Recommended for hardcore DFW fans. This collection is a deeply personal, scattered exhibit of loneliness, a harrowing, sad, and convincing portrayal of damaged psyches. Wit, brilliance, and exuberance are all evident in Wallace’s oeuvre, but here, must be discerned through strata of mimesis.
Listening to the audiobook reading by the author this time around allowed me to feel landscapes of hurt and brokenness within its multitudes of layers of densely packed, heady elegance. Its psychological abysses yawned before me, its desolate precision etched indelible fingerprints of gracious remembrance into my mind.
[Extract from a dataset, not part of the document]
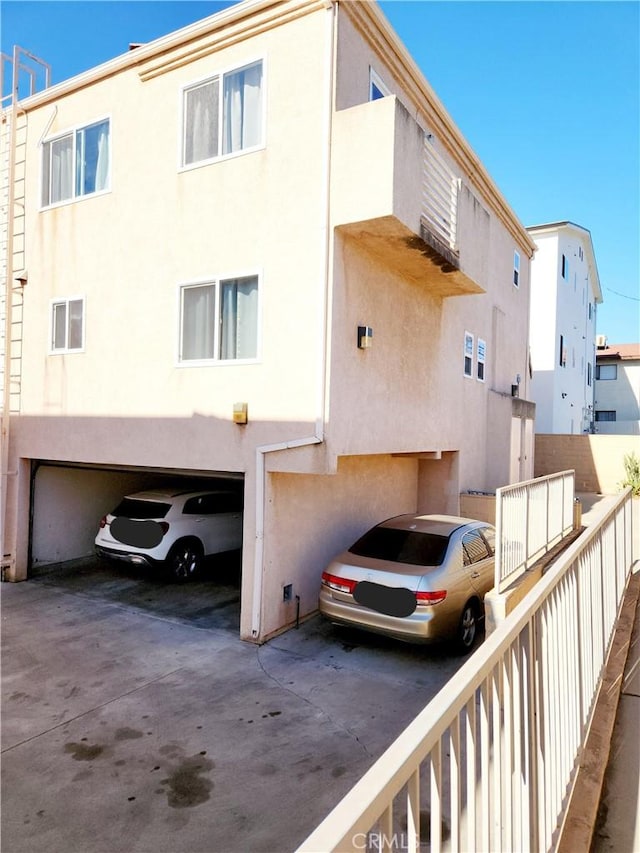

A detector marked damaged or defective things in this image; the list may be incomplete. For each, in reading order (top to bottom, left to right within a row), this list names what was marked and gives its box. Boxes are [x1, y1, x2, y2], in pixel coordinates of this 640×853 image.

concrete driveway crack [256, 644, 376, 760] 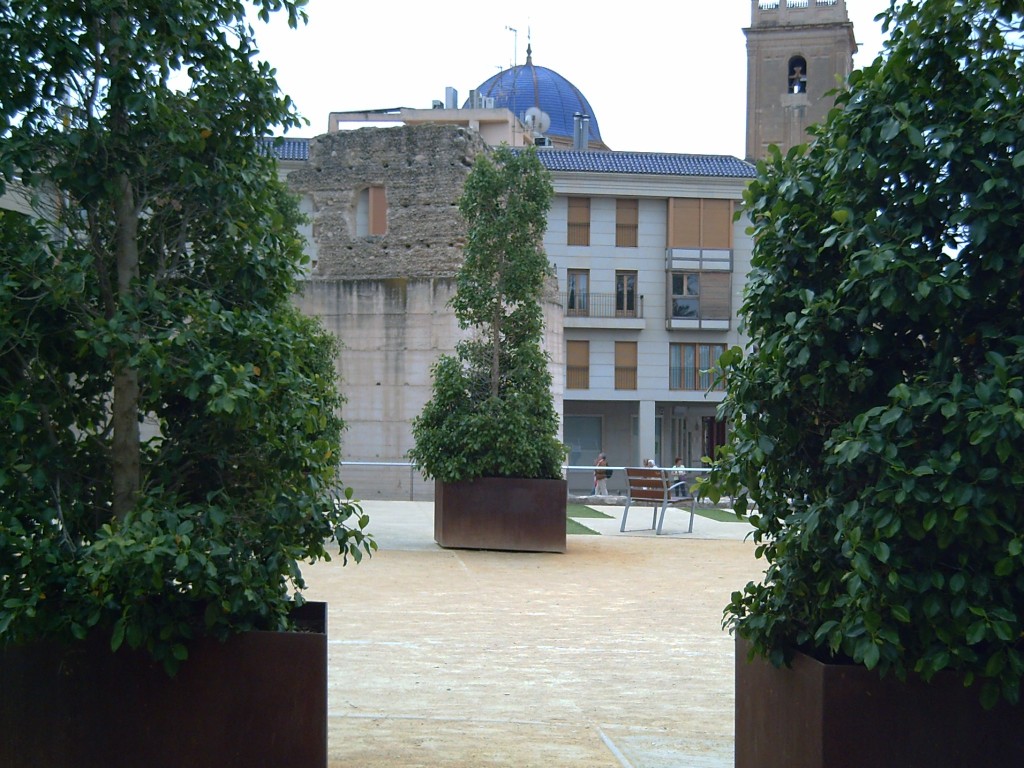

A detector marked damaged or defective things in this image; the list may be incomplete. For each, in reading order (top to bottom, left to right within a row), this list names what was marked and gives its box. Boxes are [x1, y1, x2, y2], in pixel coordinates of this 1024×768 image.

Elevating this story-jumble are the author’s tangentially related interviews with fictitious personalities, wherein elaborate thought-salads congeal into heartbreaking, cohesive episodes of disturbing humanness.
Unlike his other 2 story collections, untamed libidos and feverish perversity reign here – hence the title – along with truly awe-inspiring prose-segments, interspersed in a confusing and disorienting package, where every page yields meteoric surprises, hand-in-hand with sweaty frustrations, culled from the unhallowed interior corridors of bed-sheet-twisting angst. Especially notable are the longer pieces, the meditations on violence, where Wallace proves his mastery of voice and imitative dialogue. He somehow renders incomprehensible concepts digestible, and translates his polymathic cogitations for the layman reader.
My second reading enlarged upon my first, and no doubt a third review of his complete works would uncover further joys. His contribution to American letters is astounding, and though divisive, these fragmentary stories depict an oft-forgotten side of Wallace, who had a tendency to tiptoe around his own insecurities, except when he dramatized them, when, carried away by the slippery slope of his magnificent intellect, he connects the dots for us, that we might better come to terms with the hidden maps of the mind and heart.